Five of Saturn’s moons adjacent to a very over-exposed Saturn. D = Dione; Te = Tethys; E = Enceladus; R = Rhea; Ti = Titan. 2017 June 18, 00:28, Tynemouth, UK. David Swan. [illustrated for this article]
The satellites will be a challenge too and light pollution and low altitude will make Iapetus, Rhea, Tethys and Dione difficult. The BAA Handbook gives position data for these satellites on pages 83 and 84; Iapetus is brighter at Western Elongation and is much further out but mid-June and later August will be the best time to look for it.

There are two challengers therefore, these being to see if you can see Encke’s Division and also any satellite fainter than Titan. If you do not manage to meet either challenges, Saturn will always be a magnificent sight anyway.

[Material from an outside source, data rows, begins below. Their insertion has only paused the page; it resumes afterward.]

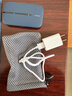 华为随身wifi3pro移动无线wifi免插卡随行网络4g携带无线网无限非wifi6三网通全国流量2026款5g AX15B 随行WiFi3 Pro 三网版 实拍图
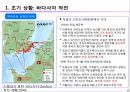 영국 항공전 4페이지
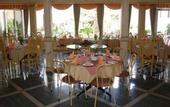 Туры в отель Hansa Hotel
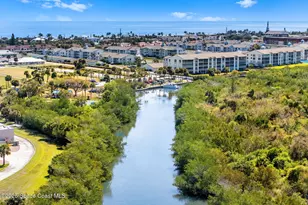 640 S Brevard Ave, Cocoa Beach, FL 32931 - Photo 34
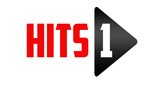 Hits-1-Radio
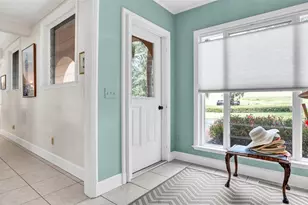 2300 N Scenic Hwy, Lake Wales, FL 33898 - Photo 32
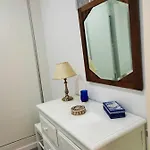 Casa Freixedelo Farmház *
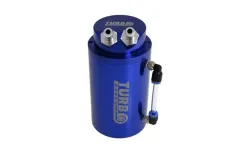 Oil catch tank TurboWorks 10mm Blue największy sklep tuningowy w Polsce!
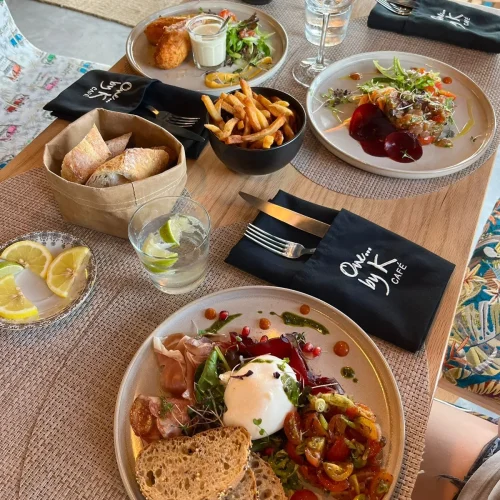 pc5kvigu38kv0dgh1l5z6g3vmqvd (1)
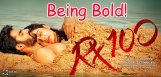 rx-100-movie-day-three-collections-details-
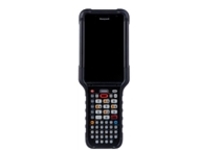 Honeywell CK67 - Data collection terminal
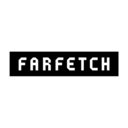 farfetch avatar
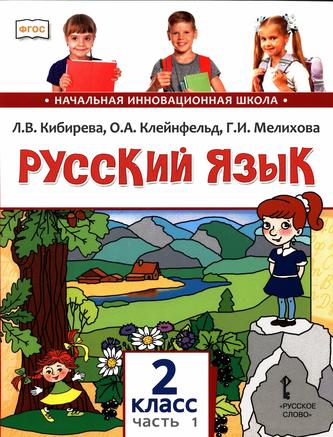 Превью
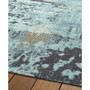 Santiago STG97 3' x 5' Outdoor Area Rug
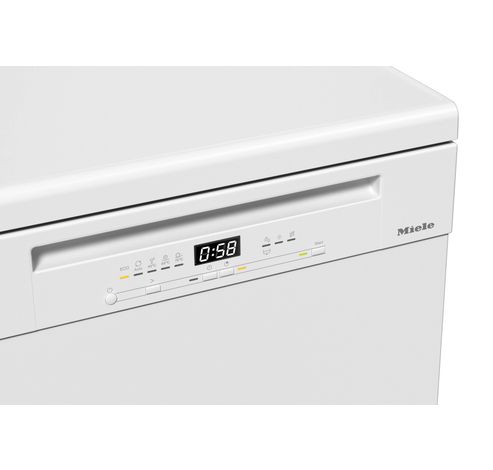 G 5410   BW  Miele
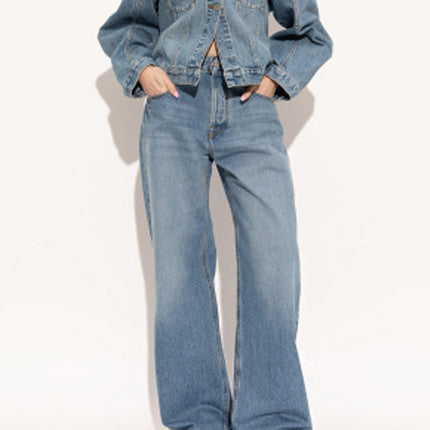 Puma Speedcat Wild Leopard Pony Hair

Disk Drawing, 2018 May 08; Paul G. Abel

As well as observing, why not make a sketch of Saturn and its rings and any visible moons; here is a sketch by Paul G. Abel made 2018 May 08 from the University of Leicester’s Observatory. Or maybe you prefer to take images. Please do submit any sketches, images or observing notes to Mike Foulkes at the BAA’s Saturn, Uranus and Neptune Section and upload them to your member page.

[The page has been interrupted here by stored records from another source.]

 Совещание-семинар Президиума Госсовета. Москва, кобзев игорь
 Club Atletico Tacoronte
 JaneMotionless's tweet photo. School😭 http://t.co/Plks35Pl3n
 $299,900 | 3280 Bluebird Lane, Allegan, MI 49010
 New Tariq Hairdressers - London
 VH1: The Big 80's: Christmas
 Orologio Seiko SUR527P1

For more information on Saturn read this article by Mike Foulkes, or check out the BAA Handbook.

Alan Heath
Long Eaton, Nottinghamshire

Alan is a former BAA Saturn Section Director, 1964-1994, and continues to submit regular observations to the BAA. Alan is pictured here giving a talk to Nottingham Astronomical Society on the use of filters for planetary observation, 17th August 2017; Alan’s article, The ‘Great Filter Debate’, which was published in the Journal in 2017 can be found here.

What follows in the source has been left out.